Dull, wilted spinach leaves offer much less nutritional value than frozen varieties, which are packaged shortly after being picked.

Frozen spinach is a convenient way to add vegetables to smoothies, soups and stir-fries.

As with fresh spinach and its good friend kale, the key to preserving as much nutrition as possible is to minimize cooking time.


The prices of tomatoes vary greatly throughout the year, as does the quality and taste of the tomatoes we find in the supermarket.

While canned tomatoes are not useful for salads, they are great for any dish that calls for cooked tomatoes. Tomatoes are rich in the antioxidant lycopene, which has powerful anti-cancer properties.

When heat is applied to the fruit, the lycopene content actually increases, making canned tomatoes a lycopene-rich addition to pastas, soups and stews.


Another green superfood that is sensitive to significant price fluctuations. Opting for frozen broccoli will not only save you money, it will also provide you with mostly florets, so you’re not paying for the heavy, stringy stalk that many throw in the trash.

Like all green vegetables, the key to maximizing nutritional quality is to enjoy raw or lightly blanched broccoli.

Green beans

When fresh, green beans are a delicious, crunchy vegetable with lots of vitamin C, vitamin K and dietary fiber.

But it’s hard to justify adding soggy, expensive green beans to the weekly store.

Then frozen green beans come into their own. They are already topped and tailed, and as long as they are not overcooked, they are likely to have a higher nutrient content than their fresh counterparts.

Garlic and onions

How many times have you gone to make a dish at home only to find that you are missing onion and garlic for the base?

Alliums, as well as frozen herbs and spices, retain their nutritional value in the freezer and minimize food waste.

So it makes sense from both a nutritional and a budget standpoint to keep a stash of basic recipes on ice.
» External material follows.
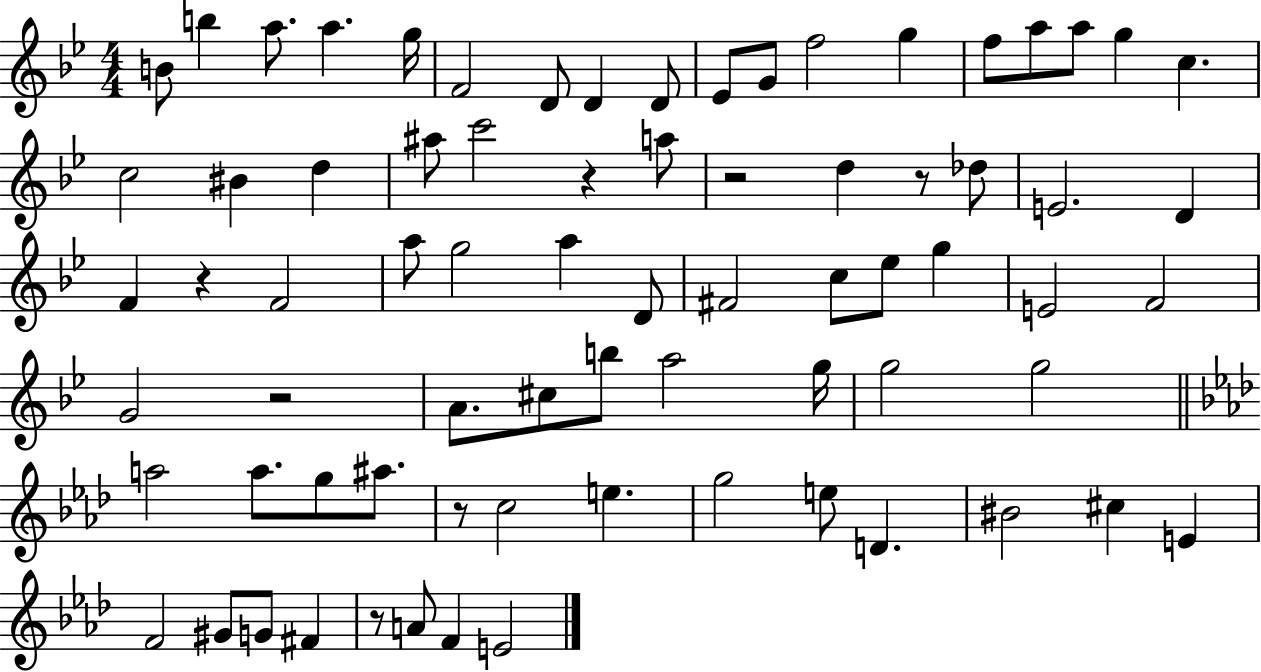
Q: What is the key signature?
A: BES major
The best way to freeze these staples is to chop them and store them in an airtight bag, or use the pre-cut varieties available in the freezer section of the supermarket.


Whether you choose chickpeas, kidney beans, baked beans or lentils, canned legumes are a cost-effective and convenient way to add more legumes to the weekly meal plan.
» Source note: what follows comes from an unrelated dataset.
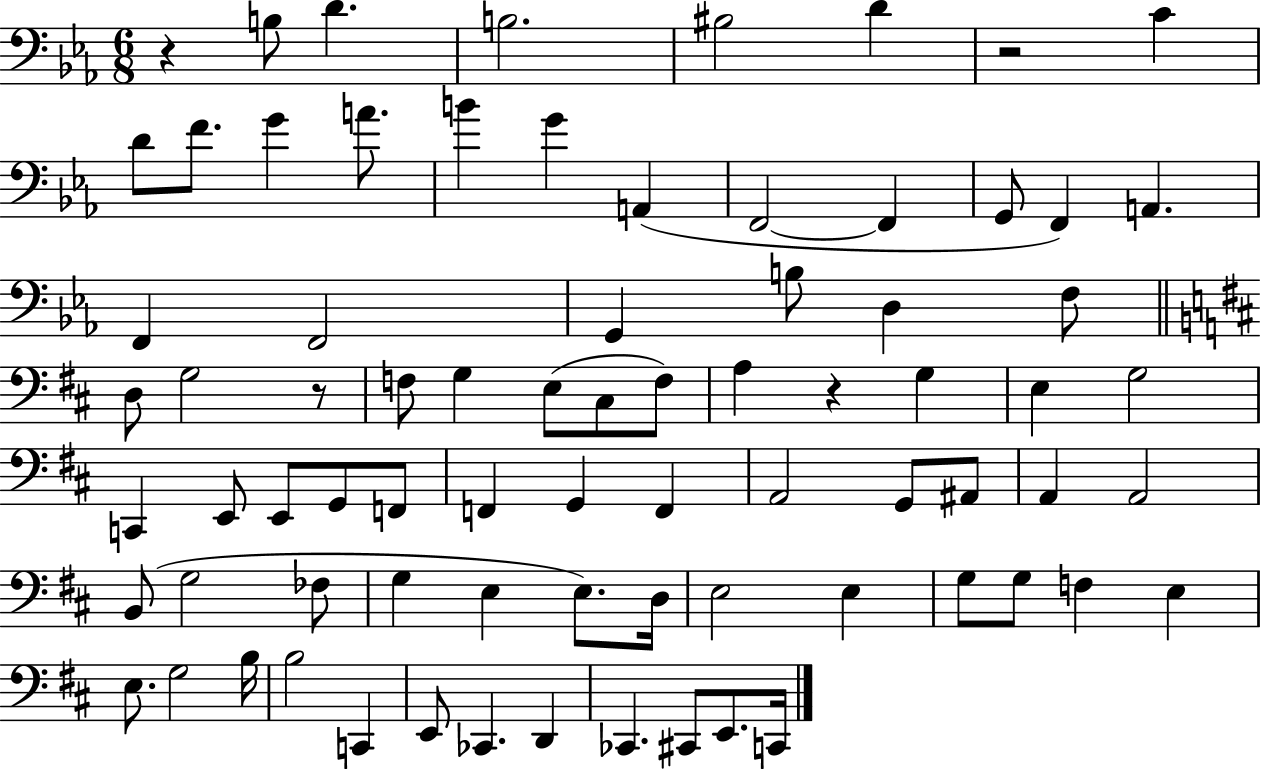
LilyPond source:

Few Aussies eat nutrient-dense legumes, but regular consumption is associated with a number of positive health outcomes, including a reduced risk of heart disease and developing some types of cancer.

A simple swap of legumes in your favorite ground beef dish, or adding a portion to soups or salads is an easy way to increase your weekly intake for just a dollar or two.


Cauliflower, rich in vitamin C and dietary fiber, belongs to the cabbage family of vegetables, which appear to protect against certain types of cancer thanks to their glucosinolate content.

Aside from florets, there’s a growing array of frozen vegetable “rice” options available in the supermarket’s freezer, making it a cost-effective way to add cauli to your favorite stir-fry or alongside a curry.


Peas are the poster child for vegetables that are better frozen than fresh. And they can be sprinkled into most dinner dishes at the last minute for extra nutrition.

They are a good source of vitamins C and E, zinc and other antioxidants that boost our immune system.

Other nutrients, such as vitamins A and B, are associated with a reduced risk of chronic conditions, including diabetes, heart disease and arthritis.

Susie Burrell is an accredited dietitian and nutritionist with a master’s degree in coaching psychology.